Non-compete agreements banned in the District of Columbia

Non-compete agreements banned

Elnur © 123RF.com

Employers have become increasingly emboldened to stick it to their employees. Employees with little negotiating leverage or without legal counsel have been saddled with some egregious restrictions. Courts over the years have thrown out the most unreasonable restrictions, creating various tests whether to enforce the agreement. But the employee would need the resources to fight back in court. Not many could and would do so.

Some state legislatures have responded by hitting back at employers. The latest jurisdiction to hit back hard is the District of Columbia, which passed the Ban on Non-Compete Agreements Amendment Act of 2020. (DC Ban). The breadth of the DC Ban is much wider in scope than bans in other states. The DC Ban will apply when it is included in an approved budget and financial plan, which may be in the Fall of 2021.

Non-competes pit employer against employee

The major concern on non-competes in other states has been employers’ weaponizing the employment relationship especially for low level employees.
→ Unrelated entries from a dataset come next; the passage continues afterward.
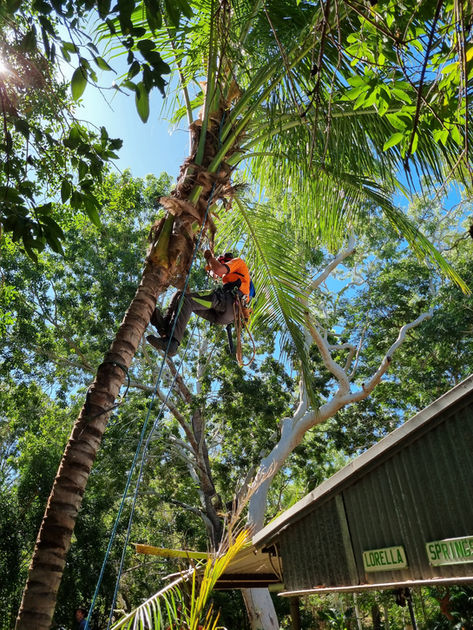an arborist is working on a tree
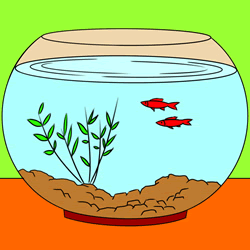 How to Draw a Fish Tank Step by Step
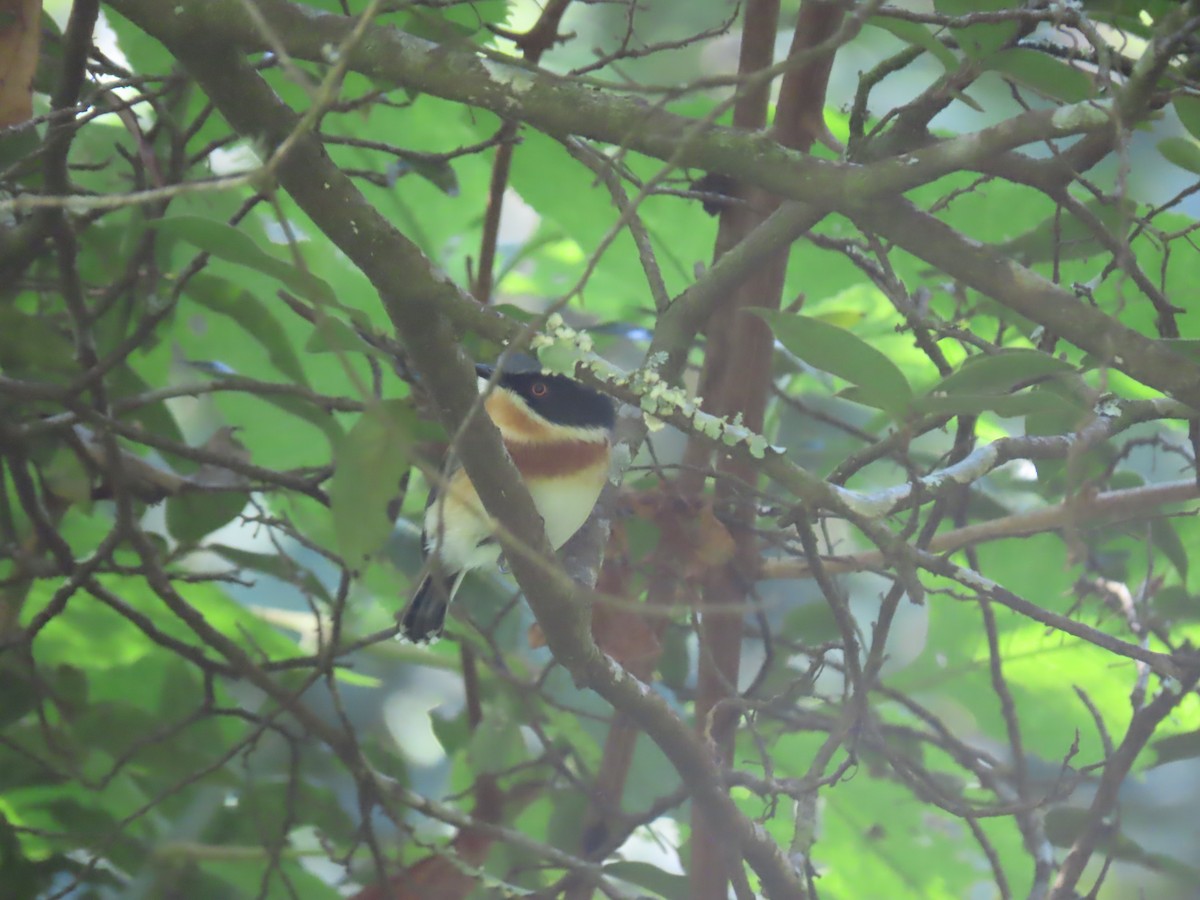 Malawi Batis - Santie McCracken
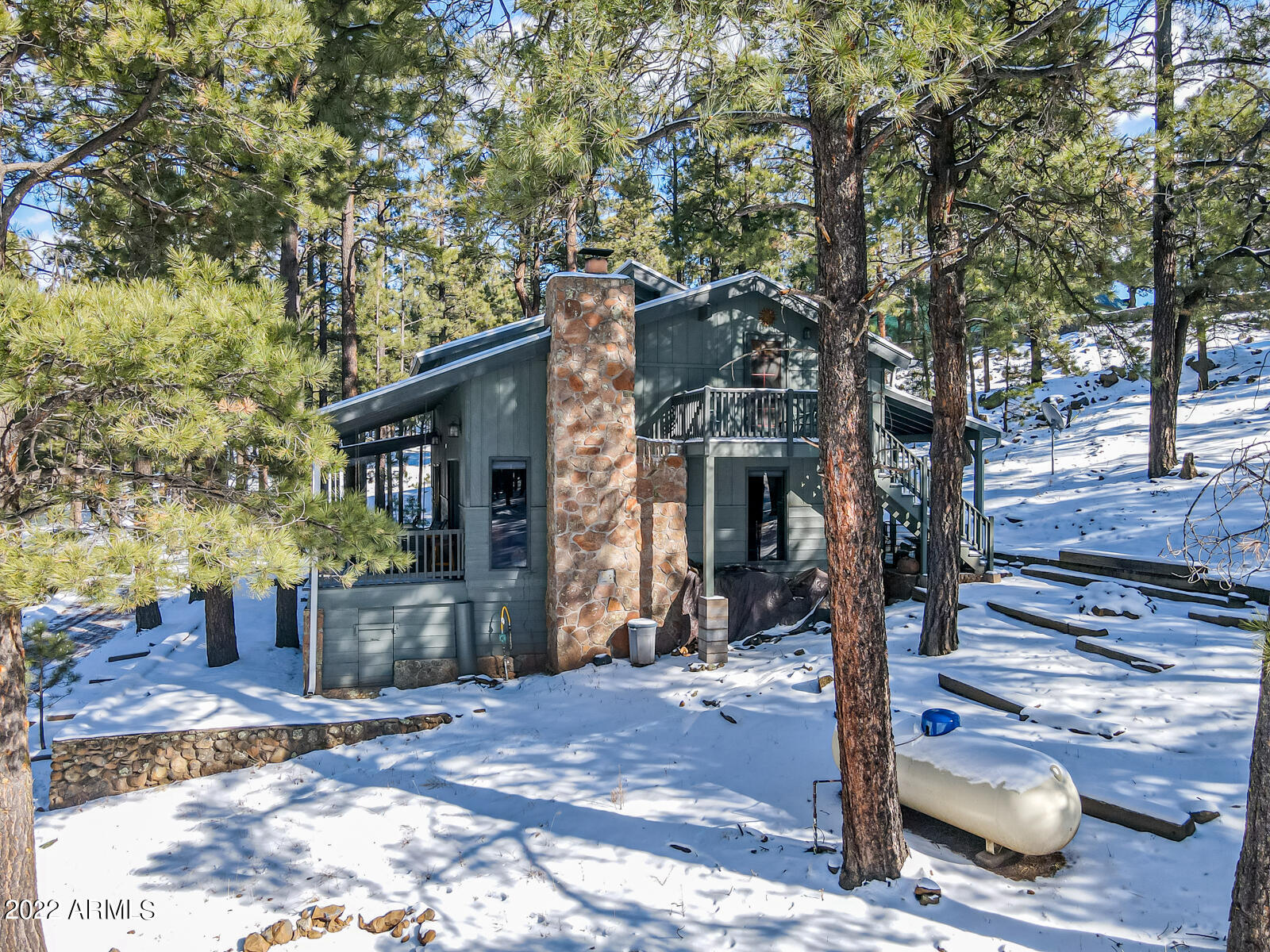 4 County Rd 1012 Lane Greer, AZ 85927 - Photo 35 of 42 d5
Sure, we have a good job for you and you are may be desperate to have a job, but after you leave this job, you can’t work for any competing business for five years. Most courts would likely not enforce the non-compete, but just the existence of the non-compete agreement stands like the sword of Damocles hanging over your head.
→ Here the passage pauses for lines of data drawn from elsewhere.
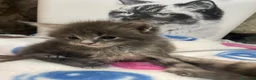 Maine Coon gatos en venta: Rey- Diez cattery  - Anuncio 30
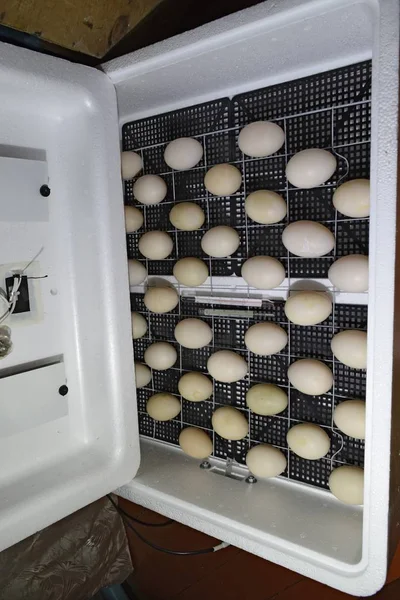 Telur dari bebek musky tergeletak di inkubator . — Stok Foto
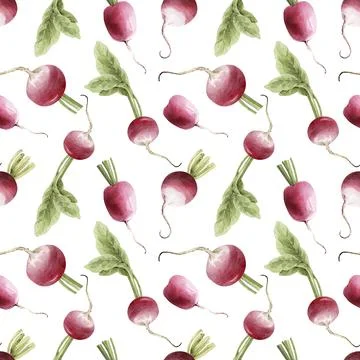 Seamless pattern with radish vegetable on white background. Stock Illustration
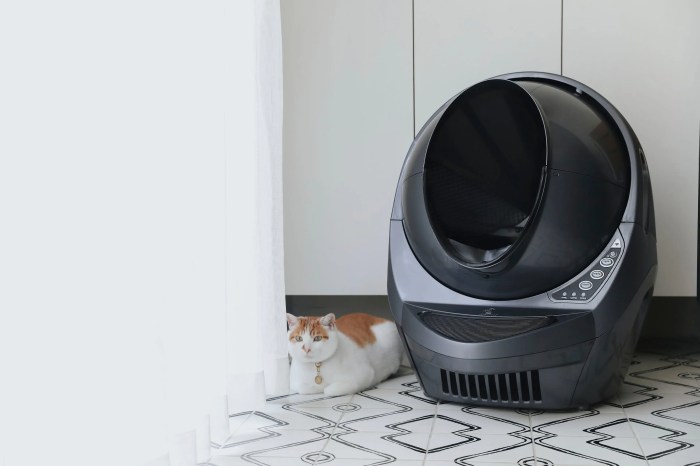 Whisker Litter-Robot 4 Testing the Ultimate Self-Cleaning Automatic Litter Box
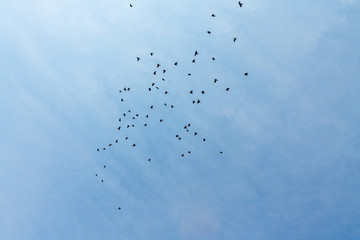 Many birds fly between the blue sky.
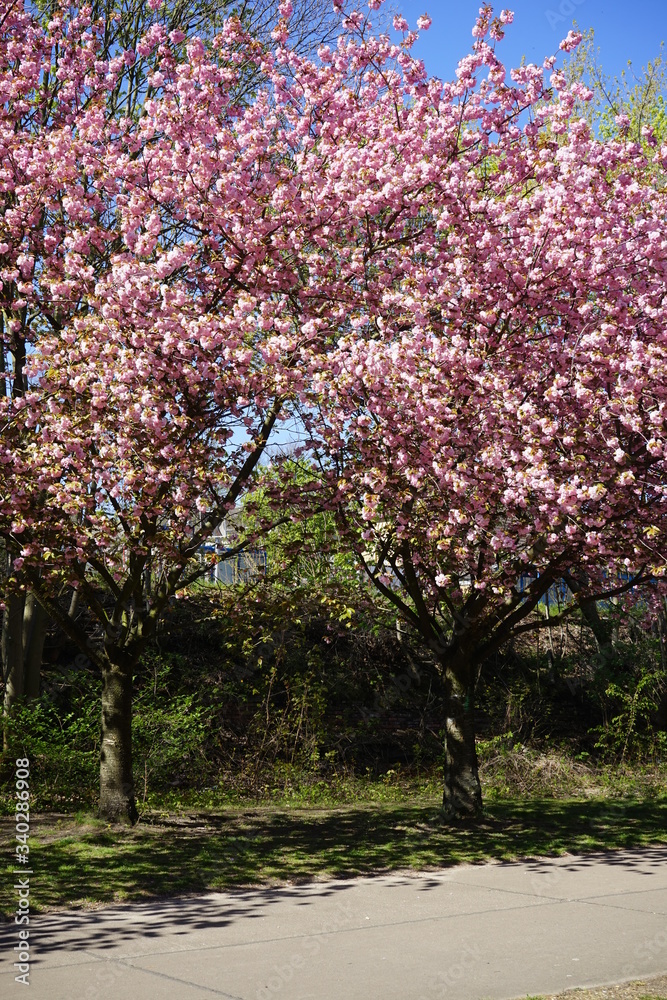 Blühende japanische Kirschbäume im Sonnenlicht am Berliner Mauerweg (Wollankstraße) Blühende japanische Kirschbäume im Sonnenlicht am Berliner Mauerweg (Wollankstraße)
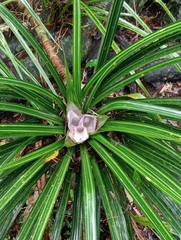 Freycinetia banksii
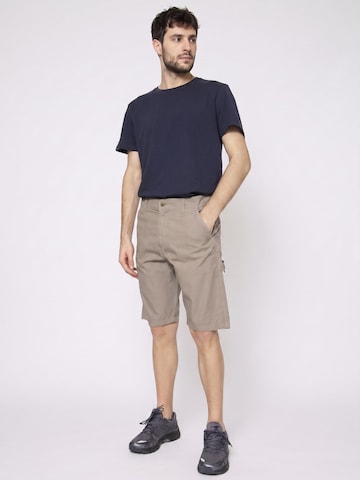 CAT Baggy Cargo Pants 'Ripstop' in Grey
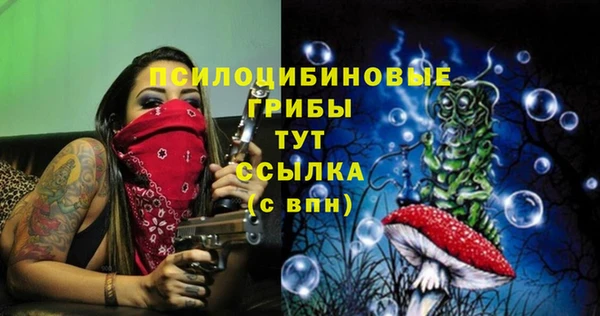 трава Абаза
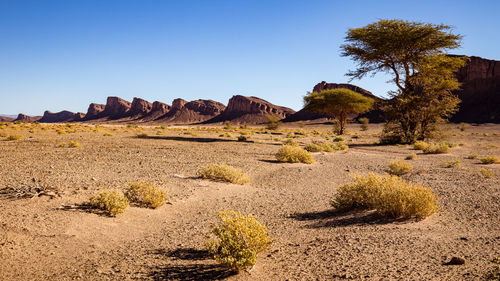 Scenic view of landscape against clear sky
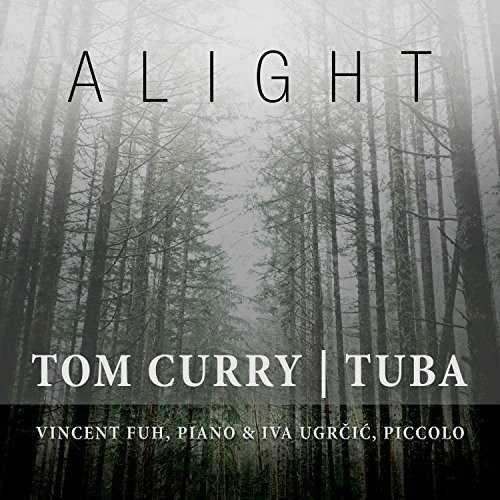 Curry Tom - Alight in the group CD / Pop at Bengans Skivbutik AB (3264404)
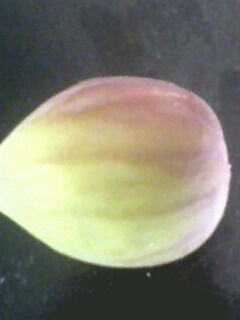 IMG08280732ab.jpg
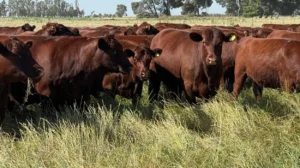 Ganadería: Cómo producir más kilos reales en ambientes difíciles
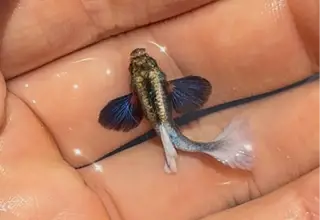 Pair , Dumbo White Guppies , High Quality Logo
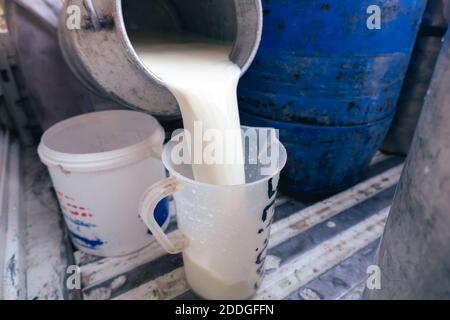 Un agriculteur verse du lait cru de la ferme laitière dans un contenant destiné à la vente à des industries ou au marché. Banque D'Images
Courts will generally enforce reasonable confidentiality or non-disclosure provisions to protect the legitimate interests of the employer. Similarly, courts will enforce reasonable non-solicitation agreements prohibiting an employee from soliciting the customers or other employees of the company.

But what about the legitimate interests of the employer

These kinds of restrictions, so long as they are tailored in terms of time and geographical scope, make sense. The employer doesn’t want to hire some employee who is going to try to steal the company’s customers. California is an outlier. California courts have even extended the ban on non-competes to include customer non-solicitation covenants in some circumstances.

Non-competes have attracted the attention of state legislatures because they don’t seem to protect the company’s interests, but rather seek simply to disadvantage the employee—especially lower wage workers. These kinds of non-competes are not good for the economy because the workers may have gained important skills and experience in a certain industry and now you are telling the worker that he or she has to seek gainful employment in a different industry.

States step in to protect employees

Based on this imbalance in negotiating power, states have begun to step in. Some states have limited the use of non-competes. Usually these limits are based on the wages that employees earns. The limitation on non-competes is targeted at low-wage employees.

And other states have banned the use of non-competes. In this latter category are states over the entire political spectrum. If you talk to employers, they usually are aware of the ban of non-competes in California; but fewer are aware of the non-compete ban in Oklahoma and North Dakota.

Under the California formulation in the Business and Professions Code, non-competes are void: “Except as provided in this chapter, every contract by which anyone is restrained from engaging in a lawful profession, trade, or business of any kin is to that extent void.” The exceptions are generally for the sale of a business or a business partner withdrawing from a partnership or limited liability company.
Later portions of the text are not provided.